It is crucial to help your translation partners understand your business and product, as well as the purpose of the project.

Review your document

Check your files for any linguistic or cultural issues and make sure the text is clear and complete. In case you spot any ambiguities in the documents for translation, please provide context to avoid mistranslations and minimize the back-and-forths with the translation team.

Strip out any personally identifiable information

With so many data protection regulations out there, make sure to secure and hide any personal information that cannot be shared legally with others before sending your documents for translation.

Finalize your document before translation

Check and finalize your documents by completing an internal review and approval process. In large-scope and long-term projects, minor changes are natural and expected but extended changes in the documents for translation could cause confusion, delays in delivery time and added costs.
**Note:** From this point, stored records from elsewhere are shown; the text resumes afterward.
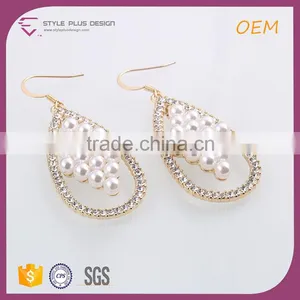 E78066I01 STYLE PLUS Shiny Gold Plate Latest Pearl Design Hanging Earrings Waterdrop Shape Crystal Diamond Around Earrings thumbnail-1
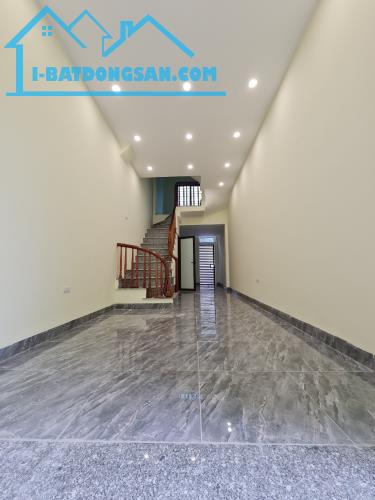 Giá tốt dành cho các nhà đầu tư thông thái 4 tỷ 5 ngay cổng làng Đa Sỹ 40m đủ 3 ngủ 1 thờ - 2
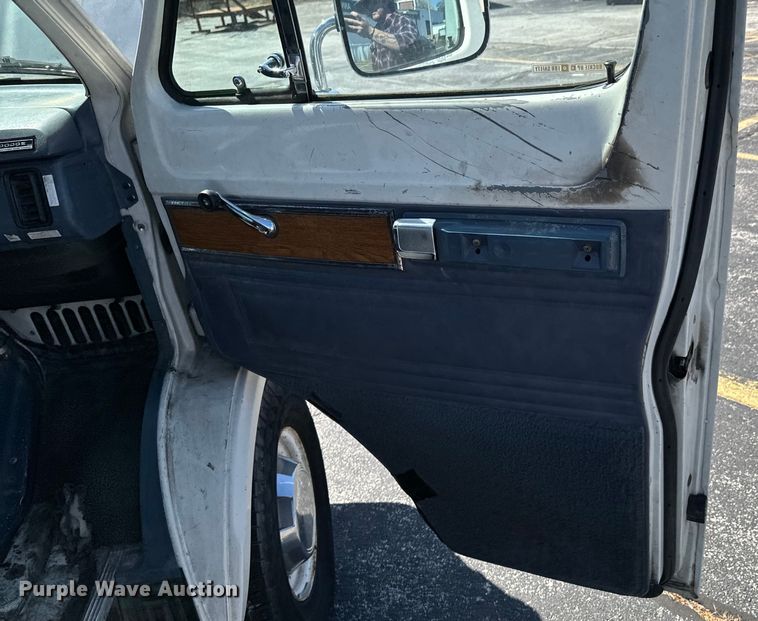 image for item ND9057 1988 Dodge Ram van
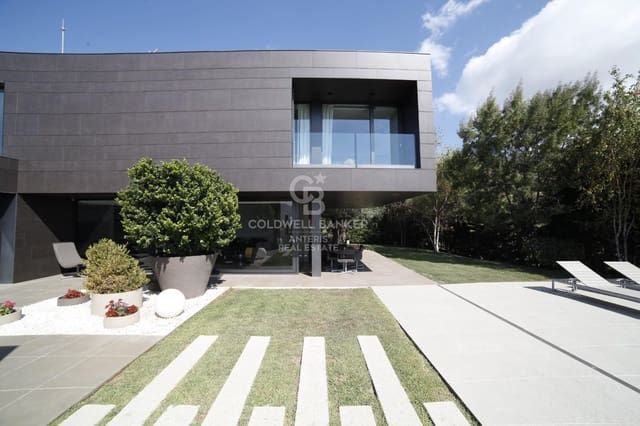 Chalet de 8 habitaciones en Esplugues de Llobregat en venta con piscina garaje - 17.000.000 € (Ref: 10059127)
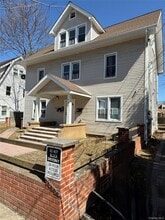 Building Photo - 136 Fairview Blvd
Provide project-specific details

  • Native editable files. To analyze and translate any file, your translation partners need to be able to edit the text in your native document or files. It is common for customers to send PDF files for translation; however, a PDF is not a valid source file. Instead, we generally use this file type for distribution on the Web and for print. Even though they can probably work with it, it might lead to additional costs and more time due to the extra formatting required for this type of files.
  • Source and target languages (and language varieties, if applicable e.g. Spanish for Spain or Spanish for Mexico). Define the languages that you want to translate the document into and make sure to let your translation team know if some of them need to be prioritized.
  • Reference material. Have you performed translation in the past in these languages for this product/content? If yes, do you have any language assets, such as translation memories, glossaries, reference material to be used/referenced?

Share your preferred deadline or cut-off date

Your translation partners will analyze the files and provide you with an estimated delivery date however, it is important to let them know in advance if you have certain time limitations e.g. a product launch, a file submission date etc. as they might be able to tweak the workflow to meet that date.

Communicate your needs and expectations

  • Are there any corporate guidelines for translation/localization or original content creation/authoring (e.g. brand guidelines, style guidelines, etc.)?
  • Do the translations you obtain go through an internal linguistic review (e.g. by your local teams/reps)?
  • What are your communication expectations from your translation partners? Do you prefer phone calls, online meetings or emails? And how often?
    Providing detailed instructions to your translation team from the beginning would help avoid confusion and any issues down the road.

Communication is key

Remember, communication, responsiveness and close collaboration are critical for the success and the timely completion of your project. It takes two to tango so be prepared and willing to respond to any translator queries that come along the way and most importantly provide your feedback at the end of the project. This will help your partners identify and resolve any possible issues, and ultimately improve the services they offer you!